You'll get a number of recipes for it that way


----------



## texasgirl (May 9, 2005)

jennyema said:
			
		

> Do you mean the pina colada sauce?
> 
> Google -- copycat recipe "Red Lobster" "pina colada" shrimp sauce
> 
> You'll get a number of recipes for it that way


 

WOOHOO, thank you, the niece said that's it.


----------



## texasgirl (May 9, 2005)

For anyone else wanting this, here is the one that I found.


*Coconut Shrimp* 

 

Hope it's not too late to post this...it's my favorite!

From Cuisine at Home

31 ct shrimp (or slightly less) with tails on/ peeled ( this easily covers 14 shrimp or so)

Dredge: 
1/2 C cornstarch
1 t Kosher salt
1/4 t Cayenne (more if you're very bold)

Wash:
2 egg whites
1/4 C water - whisked together

Coating:
1 1/2 C shredded unsweetened coconut
3/4 C Panko bread crumbs
1 t Kosher salt

After cleaning shrimp dredge in first mixture, then put through the "wash" and roll in the coating. While it can be sauteed in a frying pan I prefer to deep fry them in batches.

Dipping sauce:

2 C red bell peppers seeded and chopped 
1 C sugar
1/2 C white wine vinegar
2 t curshed red pepper flakes
2 t fresh ginger, chopped fine or grated
salt to taste.

1 T cornstarch
1 T water

Simmer first 5 ingredients in saucepan over medium-hi heat for 4 - 5 minutes; season w/ salt to taste and puree (I use an imersion blender).

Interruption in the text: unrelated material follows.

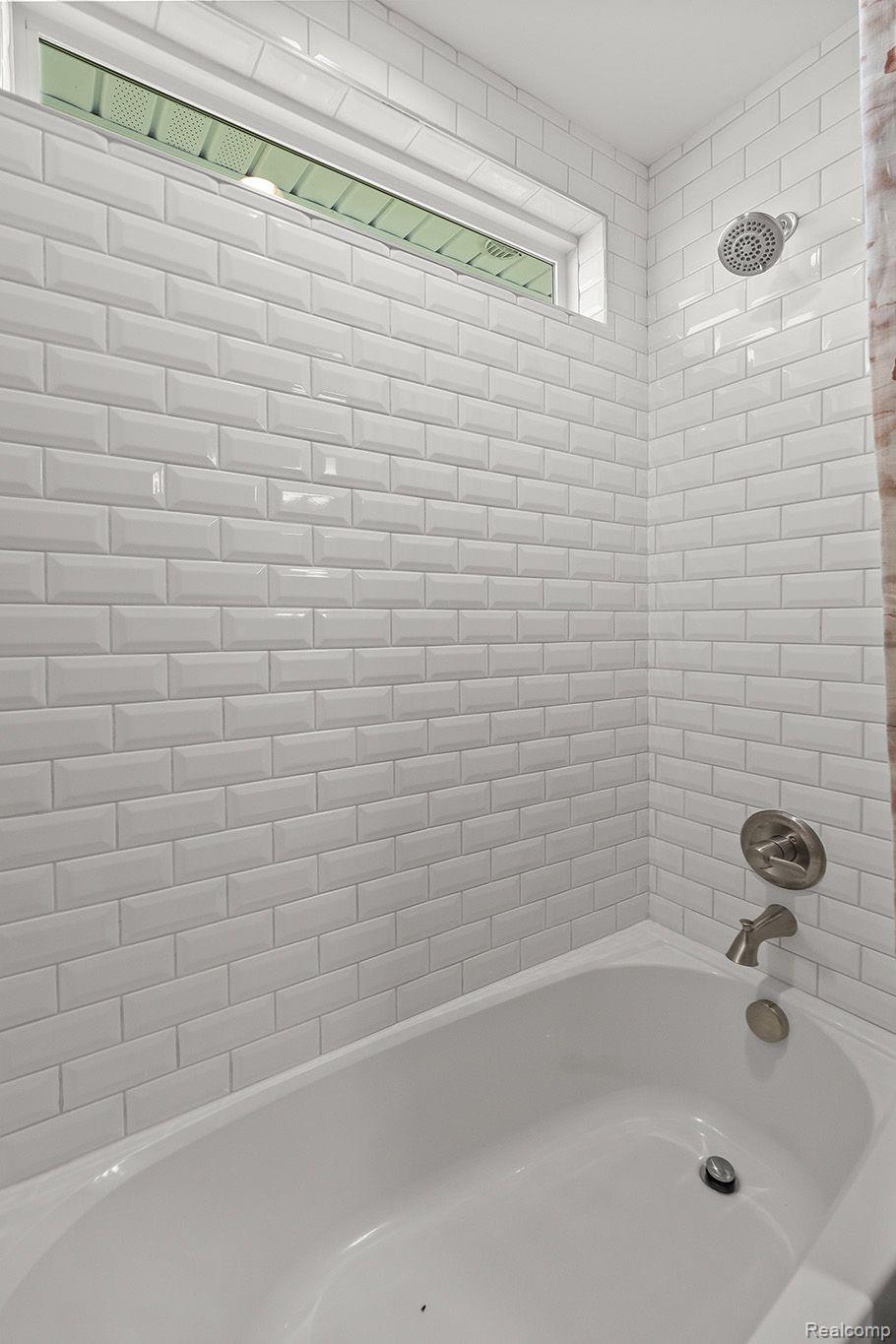 7800 Willis Road Ypsilanti, MI 48197 - Photo 19 of 49 Full bath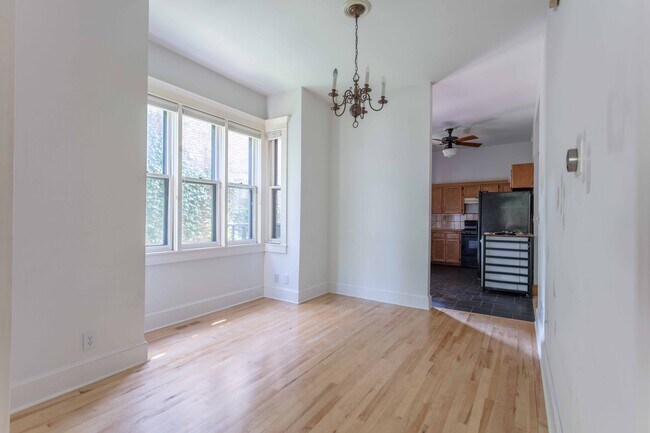 Photo - 2218 Milwaukee Ave Unidad 1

Add cornstarch/water combo and simmer till thickened (about 2 minutes) chill before serving.

*CAUTION* This recipe is addictive...highly addictive - and can lead to pleading and whining from friends and family.


----------



## texasgirl (May 9, 2005)

OOPS, that's the one that I found on the old thread,Here's the one I found on the net for red lobster..

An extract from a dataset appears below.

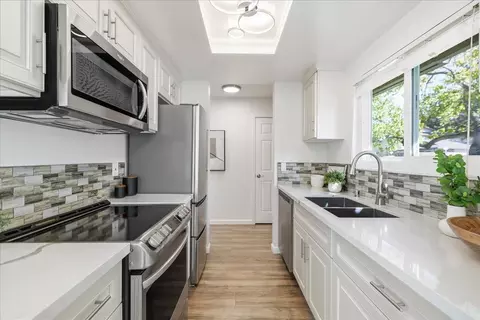 Kitchen - 98 Flynn Ave A, Mountain View, CA 94043 photo 5 of 6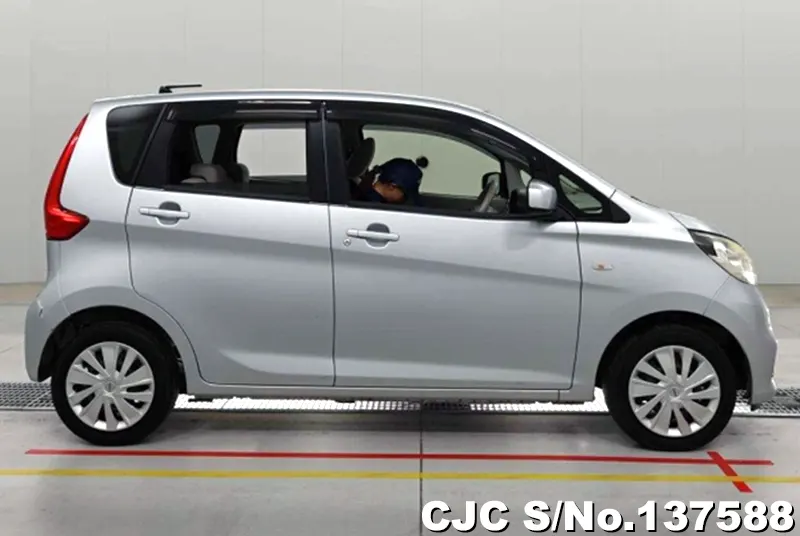 Nissan Dayz in Silver for Sale Image 6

*Red Lobster Parrot Bay Coconut Shrimp *

Ease of Cooking: Advanced Cooking 
Serving Size: varies 

Notes: 
Red Lobster makes the best coconut shrimp. The best part of this dish is the delightful Pina Colada sauce that goes with it. 

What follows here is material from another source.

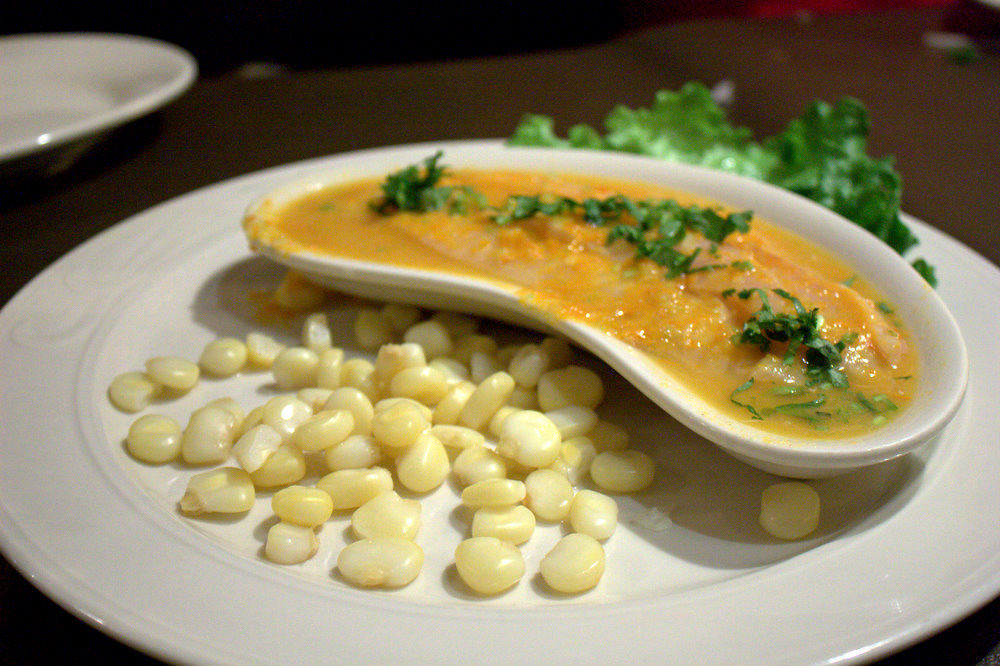 Tiraditos de pescado.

1/2 lb. Large Shrimp (butterfly the shrimp) 
1 C. Sweetened Coconut Fakes 
1 C. Plain Bread Crumbs 
1/4 C. Corn Starch (mix with coconut and bread crumbs) 
1/2 C. Pina Colada Mix 
3 Tbs. Captain Morgan Spiced Rum 
1 Tbs. Powder Sugar 
1/2 C. Corn Starch 
Vegetable for deep frying 

Mix bread crumbs, 1/4 cup cornstarch, and coconut in a deep bowl and set aside. Combine Pina Colada mix, powder sugar and Rum in a small mixing bowl and set aside. 

Place 1/2 cup corn starch in a separate bowl. Heat oil for deep frying. Oil is ready for frying shrimp with it reaches 375 degrees. 

Coat shrimp first in corn starch, then into the Pina Colada mix, then dust shrimp in bread crumbs, coconut mixture. Second coating place back into Pina Colada mix, then again into coconut, and then the bread crumb mixture. Place prepared shrimp carefully into hot oil. Fry until golden brown, remove from fryer and drain. 

*Red Lobster Pina Colada Dipping Sauce* 

Notes: 
This goes perfectly with the Red Lobster Parrot Bay Shrimp. 

1 C. Pina Colada Mix (Major Peters mix was used) 
1/4 C. Water 
2 Tbs. Crush Pineapple (drained) 
1 Tbs. + 1 tsp. Sweetened Coconut Flakes 
3 Tbs. + 1 tsp. Powder Sugar 
1+1/2 tsp. Corn Starch 
3 tsp. Cold Water 

Mix Pina Colada, water, crush pineapple, coconut, and powder sugar in a sauce pan. Heat on medium low temperature until sauce begins to simmer, stirring frequently. Let mixture simmer slowly 10 - 12 minutes. Mix corn starch and water together, add to sauce and blend well. Let mixture simmer for 3 - 5 minutes longer while stirring during and after adding cornstarch. Remove from heat and bring to room temperature. Sauce is served at room temperature with Parrot Bay Coconut Shrimp and Parrot Bay Rum Shrimp.


----------



## texasgirl (May 15, 2005)

texasgirl said:
			
		

> OOPS, that's the one that I found on the old thread,Here's the one I found on the net for red lobster..
> 
> 
> 
> ...


 

For anyone that is interested, this stuff was GOOOOD!!!
All of it, the shrimp and the pineapple sauce. I made it tonight for my sons 18th b-day. OMG my baby is 18 
Anyway, this recipe is now TNT.


----------